There is no dad on earth that wants to hear their son say what Preston said to Chris yesterday. Preston walked in the room where Chris was, holding his penis. Chris asked him what was the matter and he said “my penis is broken, I want a new one.” Chris told him to go tell me what he just said and so he came and told me that his penis just fell off. Chris says, “we are calling the doctor!” Men take their penises so seriously. I could see that his penis was neither broken and it still seemed to be attached to his body so in other words he was just messing with us.
Chris and I are off to the Big Island of Hawaii on Sunday morning. That’s right, I know, first the Paris trip, then the Sonoma trip and now Hawaii. Yes, I do know how lucky I am and I do not need reminding. Chris earned the Cresset trip again for an excellent year at his job and so off we go to an all expenses paid six-day trip to the Fairmont Orchid Resort. Thank you Chris! The Orchid was at one time The Ritz Carlton before it was bought by Fairmont, therefore it is said to be elegant and splendid inside and out, with its own beach and high-end restaurants and here is the best part. . . . drum roll please . . . no kids!

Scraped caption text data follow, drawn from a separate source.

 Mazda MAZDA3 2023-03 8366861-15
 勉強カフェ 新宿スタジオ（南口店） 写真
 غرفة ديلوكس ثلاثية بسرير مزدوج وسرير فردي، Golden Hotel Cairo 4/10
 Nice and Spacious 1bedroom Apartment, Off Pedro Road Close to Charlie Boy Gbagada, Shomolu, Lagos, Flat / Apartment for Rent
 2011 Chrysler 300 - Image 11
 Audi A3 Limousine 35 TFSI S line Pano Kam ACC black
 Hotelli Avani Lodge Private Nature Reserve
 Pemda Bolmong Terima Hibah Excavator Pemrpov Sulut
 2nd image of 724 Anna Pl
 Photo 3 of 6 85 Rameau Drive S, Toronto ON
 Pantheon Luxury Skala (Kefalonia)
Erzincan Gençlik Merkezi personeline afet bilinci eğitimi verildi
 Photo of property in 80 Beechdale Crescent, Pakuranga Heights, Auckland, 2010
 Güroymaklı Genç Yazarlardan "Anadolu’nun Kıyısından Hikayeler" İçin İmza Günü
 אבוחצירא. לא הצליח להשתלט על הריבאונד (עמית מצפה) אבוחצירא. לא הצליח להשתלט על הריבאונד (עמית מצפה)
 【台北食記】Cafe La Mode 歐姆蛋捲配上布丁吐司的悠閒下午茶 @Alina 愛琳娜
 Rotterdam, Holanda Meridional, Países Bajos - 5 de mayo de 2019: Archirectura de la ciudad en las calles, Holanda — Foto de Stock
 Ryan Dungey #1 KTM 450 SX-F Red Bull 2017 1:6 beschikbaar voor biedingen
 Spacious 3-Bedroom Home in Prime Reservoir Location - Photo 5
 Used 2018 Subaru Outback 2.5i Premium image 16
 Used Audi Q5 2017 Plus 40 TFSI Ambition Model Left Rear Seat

The domestics are making their way up to Cameron Park tomorrow to stay with the triplets while Gigi and Gramps take Ava for the week. Ava and Gigi go to the same school each day, which makes that arrangement very convenient. The domestics are well-versed on the ins and outs of triplet care which makes that arrangement pretty convenient.
I just keep thinking, please don’t let anyone fall ill or let me break my leg or something dramatic and disastrous happen before my wonderful trip. Also, my sister is ready to have baby Lilly any time now it seems, even though her due date isn’t until November 18th. If Lilly is born without Auntie being there to watch her burst into this world, Auntie will not be happy.
Chris and I plan on being on the beach with a book in one hand and a Mai Tai in the other by 1pm on Sunday. We bought a copy of Freedom by Jonathon Franzen and we will have to do rock, paper, scissors to see who gets to read it first. I think I should get to read it first because it will take Chris 10 years to finish it.
In other news, some crazy person set the very awesome Roseville Galleria Mall ablaze today and it is burning. I love that mall. When I am not shopping there I take the kids there to play in the indoor play areas. If a mall had to go down in a blaze of glory why couldn’t it have been Arden Mall or Sunrise Mall? As my mom would say, we are all “going to hell in a handbasket,” whatever that means. Wikipedia says it describes a situation headed for disaster without effort or in great haste. I will say that the merchandise in Macys, which had black smoke billowing from the roof all day, is for sure going to hell in a handbasket. The British have some strange expressions.
Tonight as I was saying goodnight to the little girls Elsa said to me, “mommy, I like you sooooo much.” That was the sweetest thing I heard all day.